Review: A Little Hatred by Joe Abercrombie
The more things change, the more they stay the same.
In A Little Hatred we return to the world of Abercrombie’s The First Law series 30 years after the apocalyptic Battle of Adua that closed out Last Argument of Kings, and the times, they are a changin’. An industrial revolution is well apace, the common lands are rapidly enclosed, and exciting new inventions and manufactories seem to create new opportunities for the rich to get richer and the poor to get ever poorer. This shift has been carefully foreshadowed in some of the standalone novels (The Heroes and Red Country) but Abercrombie really nails the intricacies of an early-modern-era setting here, leaning on literary traditions far afield of your typical fantasy: The poor live in brutal conditions that won’t be unfamiliar to readers of Charles Dickens or Victor Hugo, while the wealthy citizens of the Union spend their lives carefully preening to participate in a cutthroat vision of “high society” that brings to mind the works of Jane Austen. Naturally, there is still plenty of manly combat to be had in these pages, the overall shift is to a register of social rather than physical conflict. Even magic has seemingly been leached out of the Circle of the World (Bayaz, the First of the Magi, here appears in a business suit, carrying a crystal-topped cane in lieu of his wizard’s staff), but the threat of violence and cruelty is never far from the surface.

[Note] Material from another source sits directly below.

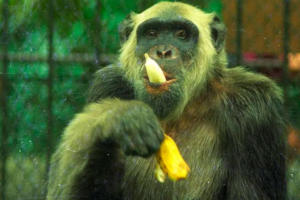 Um macaco já foi candidato à Prefeitura do Rio – e recebeu mais de 400 mil votos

The plot centers around an interesting quartet of characters (Savine dan Glokta, Leo dan Brock, Rikke, and Crown Prince Orso) brought together and torn apart by fate, blood, desire, and happenstance. These four figures, two men and two women, have some intriguing parallels and oppositions built into them that I think will be interesting as the series moves forward (the book frequently feels like a winking examination of the tropes of romance novels, with some very funny undercutting of eroticism that had me cracking up at times). Unfortunately, while all of these four (along with a few additional POV characters) are fun, unique, and rather likable, none of them so far has attained the “breakout” stature of characters from Abercrombie’s earlier books, like Bayaz, Inquisitor Glokta, Monza Murcatto, and of course Logen Ninefingers. The shadow of earlier generations is quite long, and the would-be heroes of the “Age of Madness” have a ways to go before they emerge from it. A big part of the problem is the fact that the majority of the characters Abercrombie introduces here are both quite young (and thus lacking in the twisted, brutal backstories that made figures like Glokta and Ninefingers so instantly intriguing) and the children of famed heroes of the previous age. It’s a difficult tightrope to walk, and I don’t envy Abercrombie the task of making this new generation the equal to their parents… Overall I think he does about as well as one can.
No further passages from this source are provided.